# About this task:
Below are records; the lines starting at the one with "CNNE 813149 - la" and ending at the one with "SAMCC - DOR Women Shoes - 1908" must be reproduced exactly, both included. Pictures must not appear.

# Data extracts:
++++++++
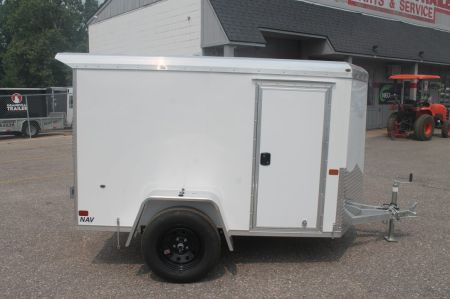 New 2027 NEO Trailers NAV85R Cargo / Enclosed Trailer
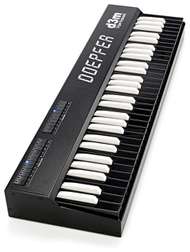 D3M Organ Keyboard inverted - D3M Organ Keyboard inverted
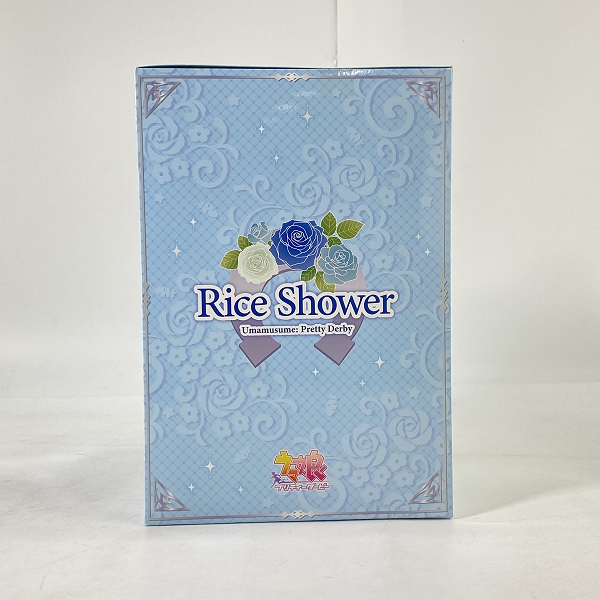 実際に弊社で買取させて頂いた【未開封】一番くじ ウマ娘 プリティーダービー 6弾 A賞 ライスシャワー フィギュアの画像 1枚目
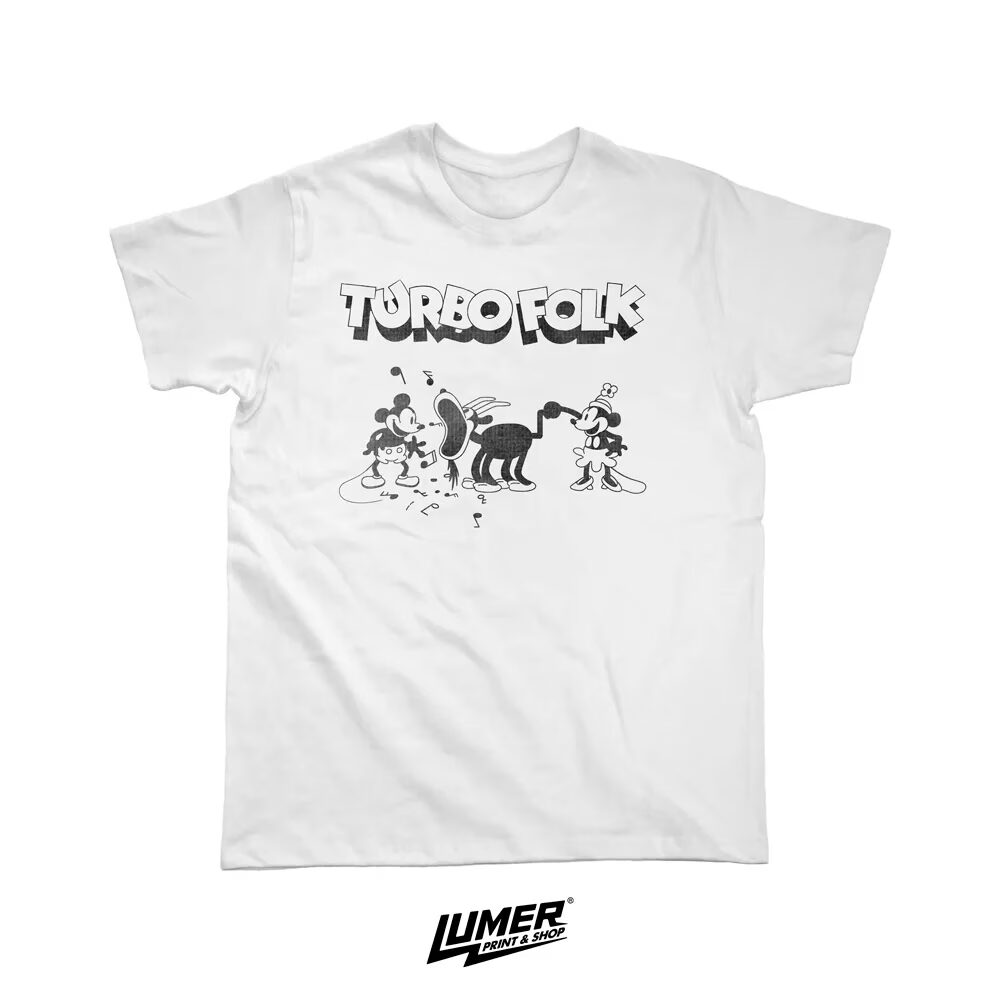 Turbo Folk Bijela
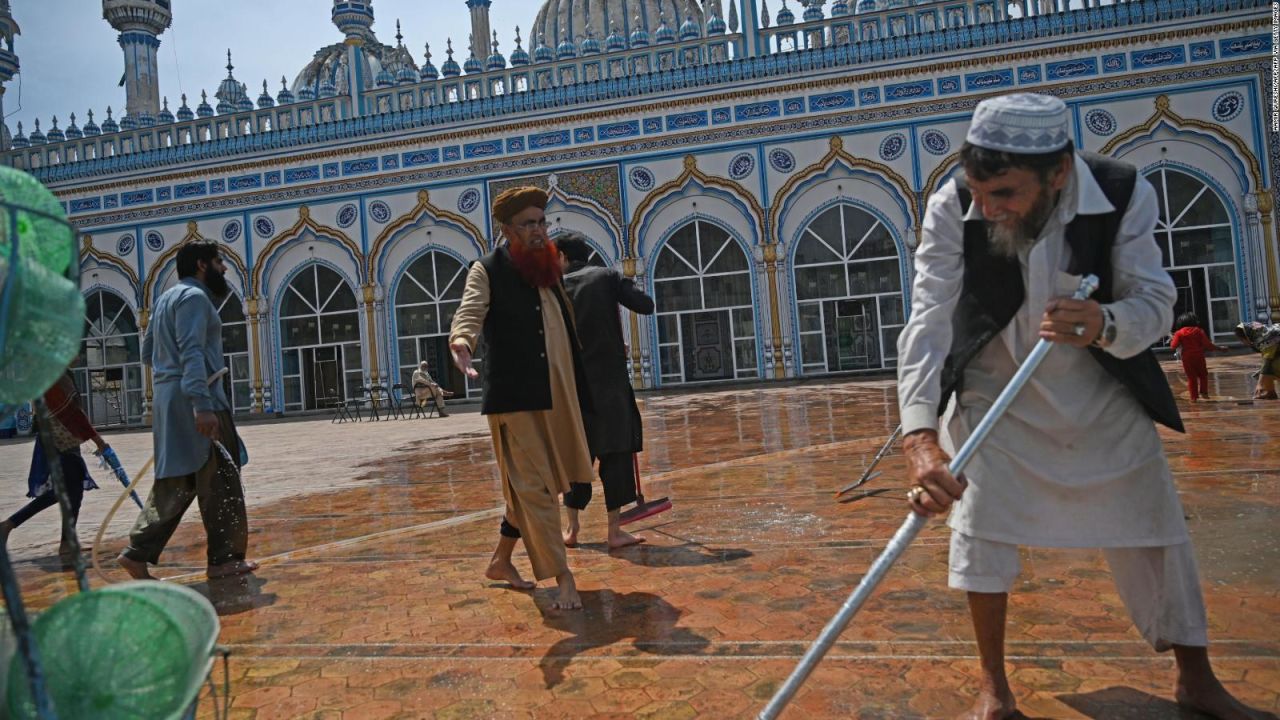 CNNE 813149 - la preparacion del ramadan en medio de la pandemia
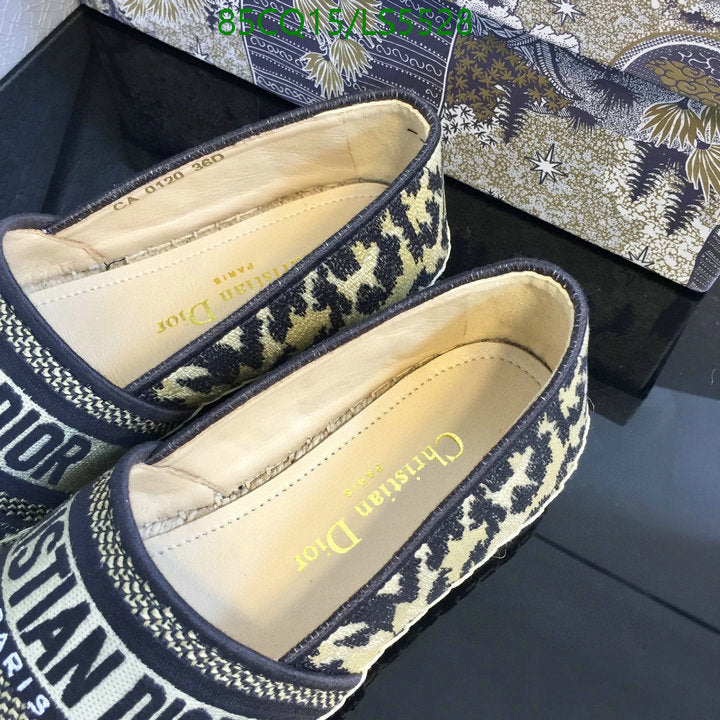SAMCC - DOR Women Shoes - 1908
++++++++
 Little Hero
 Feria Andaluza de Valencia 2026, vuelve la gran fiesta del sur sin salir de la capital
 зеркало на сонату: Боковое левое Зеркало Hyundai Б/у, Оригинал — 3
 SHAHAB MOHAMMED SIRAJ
++++++++
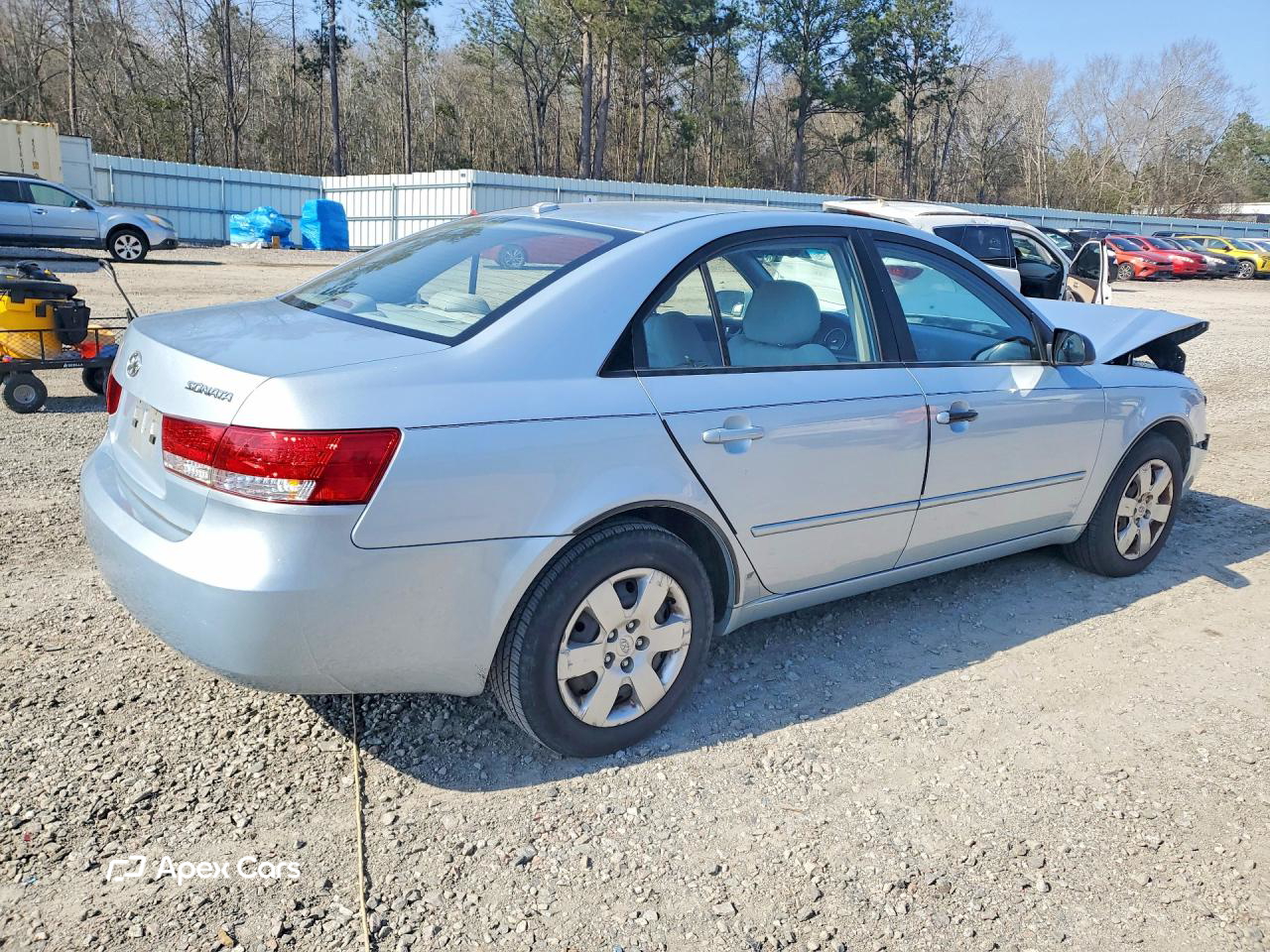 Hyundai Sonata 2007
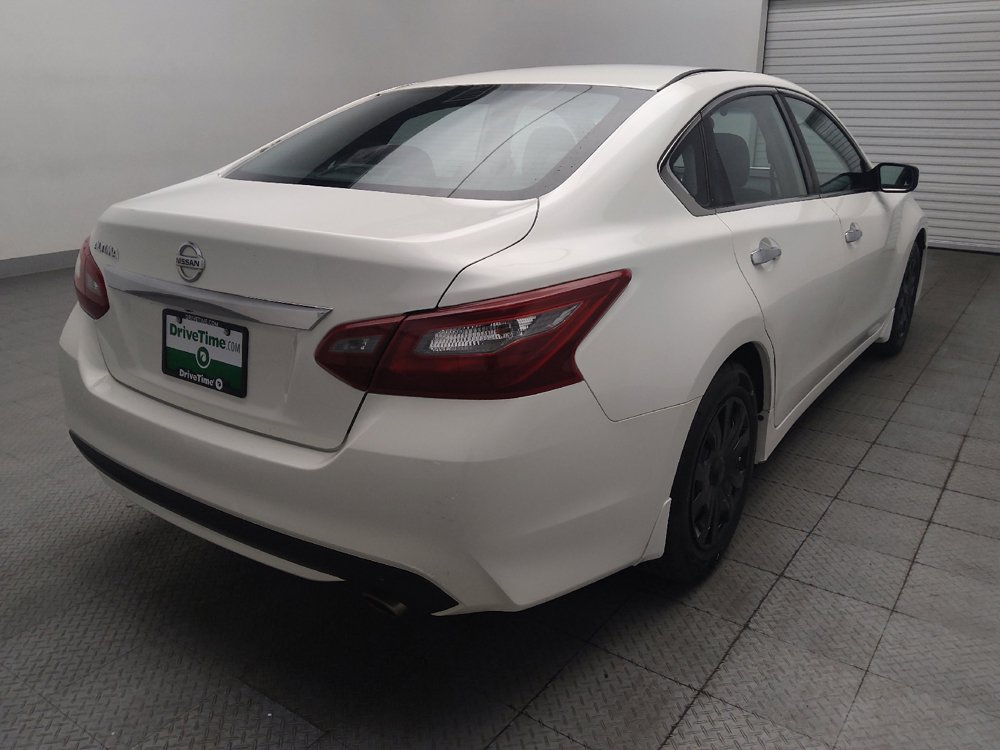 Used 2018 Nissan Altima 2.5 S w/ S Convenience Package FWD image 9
++++++++
# Written solution:
 CNNE 813149 - la preparacion del ramadan en medio de la pandemia
SAMCC - DOR Women Shoes - 1908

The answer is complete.